Inaczej sytuacja ma się z p. Markiem Jakubiakiem, który jest prywatnym przedsiębiorcą i co robi ze swoimi pieniędzmi, jest jego prywatną sprawą. W godzinach pracy może wykonywać dowolne fikołki, przewrotki w przód i do tyłu. Jeżeli to przynosi firmie zysk, to dziękować Bogu i prezesowi. Albo odwrotnie. Natomiast panowie: Nawrocki, Hołownia i Trzaskowski są opłacani z naszych pieniędzy i to, co robią w godzinach pracy, to wcale nie jest ich prywatną sprawą! Jeżeli najęli się do jakiejś funkcji, to muszą swoje zadania realizować z najwyższą starannością i nie mogą rozpraszać swojej uwagi na działania poboczne, które nie są związane z pracą, za którą otrzymują wynagrodzenie.
Magistrat warszawski zatrudnia ponad 7 tysięcy urzędników – więc jest to duża „firma”. Znam kilku prezesów, którzy zatrudniają stukrotnie mniej pracowników niż p. Trzaskowski, i gdybym im dzisiaj powiedział, że teraz mieliby dodatkowo startować do rady powiatu X, to by mnie „zabili śmiechem”, a kości przekazali do Bacutilu (firma zajmująca się produkcją paszy dla zwierząt). Firma zatrudniająca 70 osób wymaga maksymalnego skupienia, wiele uwagi i poświęcenia „czasu prywatnego”. Powiedzmy sobie szczerze – taki prezes nie ma w swoim kalendarzu pozycji „czas prywatny”, bo jemu praca i życie prywatne zlewają się w jedną wielką całość. Tymczasem Rafał Trzaskowski potrafi to podzielić – jak wytrawny masaż – dokonać rozbioru półtuszy wieprzowej. Mistrz!

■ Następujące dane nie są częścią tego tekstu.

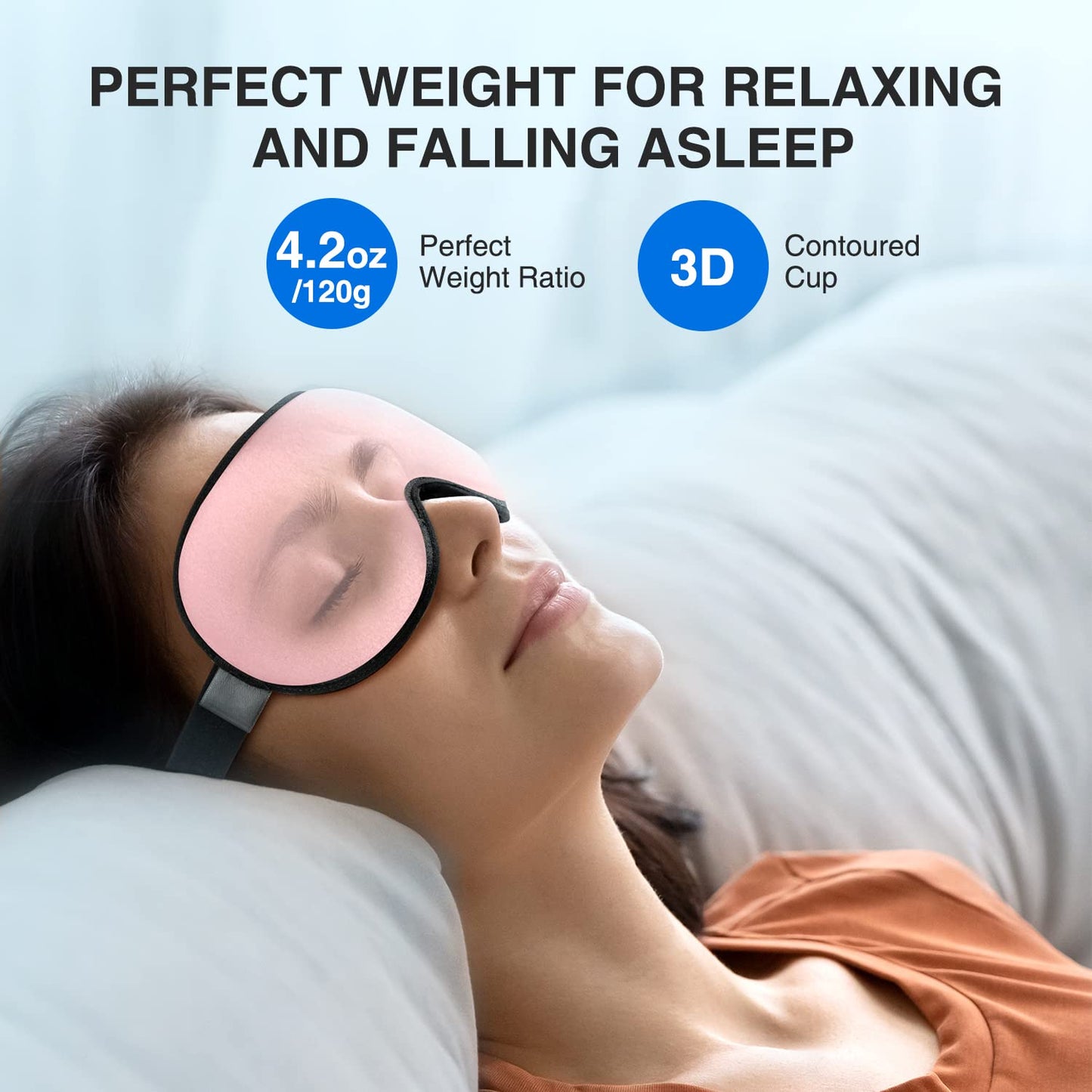 YFONG Weighted Sleep Mask, Women Men 3D Blocking Lights Sleeping Mask (4.2oz/120g), Pressure Relief Night Sleep Eye Mask with Adjustable Strap, Eye Cover Blindfold for Travel Nap Yoga, Black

Jedna ze stacji radiowych zapytała swoich słuchaczy, czy Trzaskowski powinien iść na urlop. Ponad 77 procent powiedziało, że tak. Większość nie musi mieć racji, a nawet jej nie ma, zwłaszcza kiedy taka opinia wchodzi na kurs kolizyjny z comiesięcznym przelewem na konto.